Is the U.S. Mindset Fundamentally Different From Europe's?

I couldn’t give him a short answer to this question, but did point out that new ideas are often adapted in the U.S. just as quickly as in, say, Finland, but usually in select places. The tiresome blue state/red state stereotype has some merit, and one can find what many Americans consider to be radical ideas being freely adapted in resolutely blue citdadels from Greenwich Village to Madison, Wisconsin to Berkeley.

That doesn’t make the ideas wrong or impractical. The first bans on smoking in San Francisco and Berkeley were considered lunatic fringe at the time, as were countless other issues and trends, some controversial, some not so. This will continue.

But the larger point that I failed to make, being as blessed as anyone with the ability to say the right thing a few days after it should have originally been said, was that the U.S. (and the U.S. market) should never be viewed monolithically.

Big Country
It’s a big country with a very large economy, and one can succeed by appealing to a very small percentage of it.

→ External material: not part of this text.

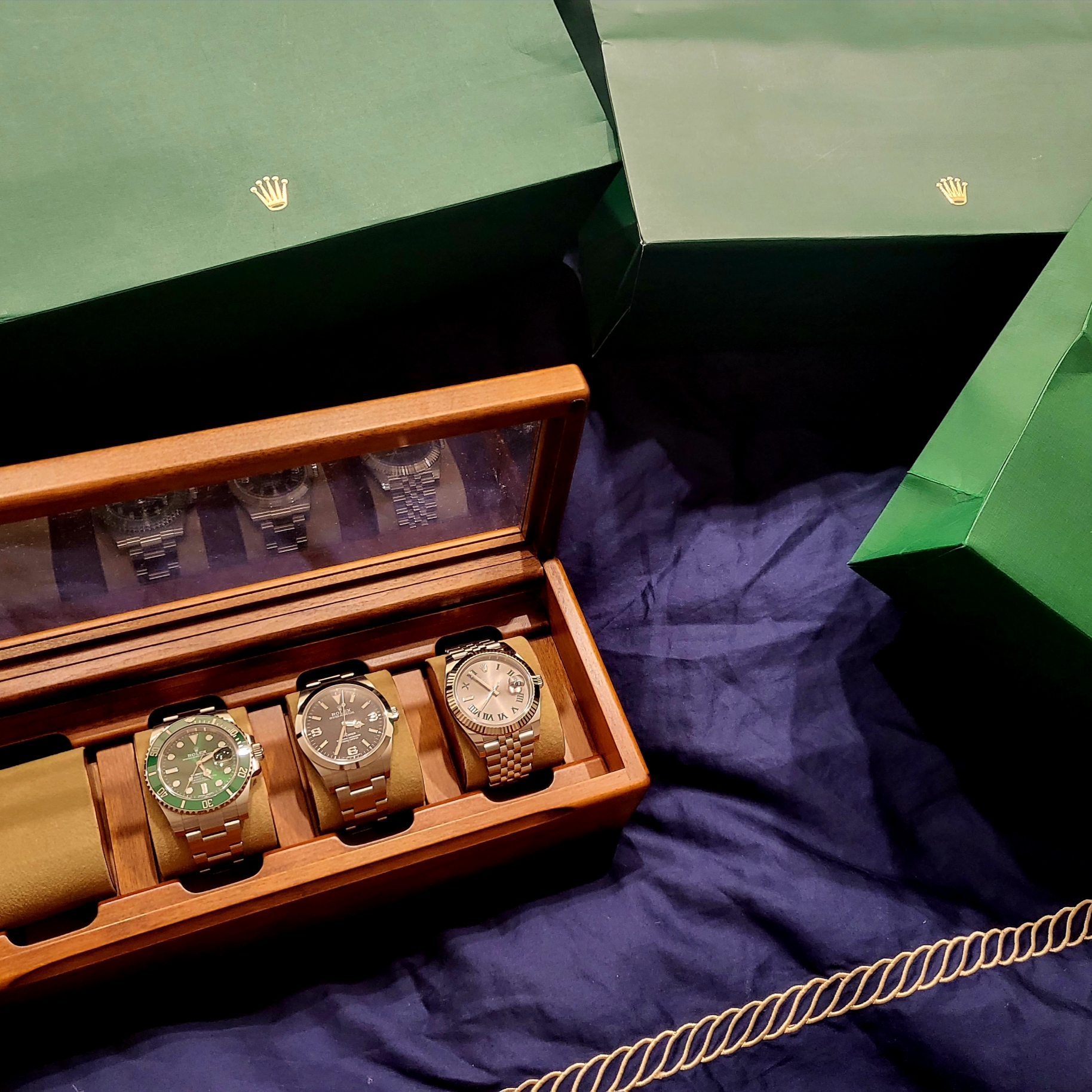 Rolex Submariner Date 40mm 116610LV Green Oyster 착용 스타일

For example, 5% of the total U.S. market still represents a GDP that would rank in the Top 20 Worldwide, in between Taiwan and Australia. And appealing to only 1.3% of the total U.S. market lands you a GDP the size of Finland’s.

So, surely the idea of rented Blackberries—which despite my non-aversion to rented cars or flying in the same well-warmed airline seats as who knows who—sounds to me a bit like rented bowling shoes (yuck), could very well succeed in the U.S., even if almost 90+ percent of the population thinks it’s a bad idea.

The variety of opinion in the U.S. on all matters is diverse (or divers, as Jeremy would have it spelled), much more so than most people (including many Americans) think. This is due not only to the country’s multicultural stew and capitalistic orientation, but also to its federated nature.

By federated, I don’t mean the federal, unifying aspect of the U.S. government, but the fact that the country is a federated collection of states, which are in turn a collection of townships and counties, which in turn are broken into endless numbers of local and regional governmental and regulatory entities. In other words, an amazing percentage of the country’s laws and regulations are decided at various local-leaning levels.

Try explaining to an international visitor sometime why it may be OK, for example, to possess marijuana according to a city ordinance, sort-of OK by state law, and definitely not OK by federal law, and don’t forget to factor in littering laws that might be in effect if you try to consume said weed in a regional or county park that falls within the jurisdiction of a unified fire protection district and urban sanitation zone, or worse, in a business park patrolled by private security.

So as I said, it’s a big country. Lots of jurisdictions. And this "loosely coupled" mindset extends to the business world, with lots of segments, sub-segments, niches, and segmented sub-niches within almost any product or service category. Knock yourself out if you want to start a service to rent out Blackberries. Just don’t expect to take mine unless you pry it from my cold, dead hands!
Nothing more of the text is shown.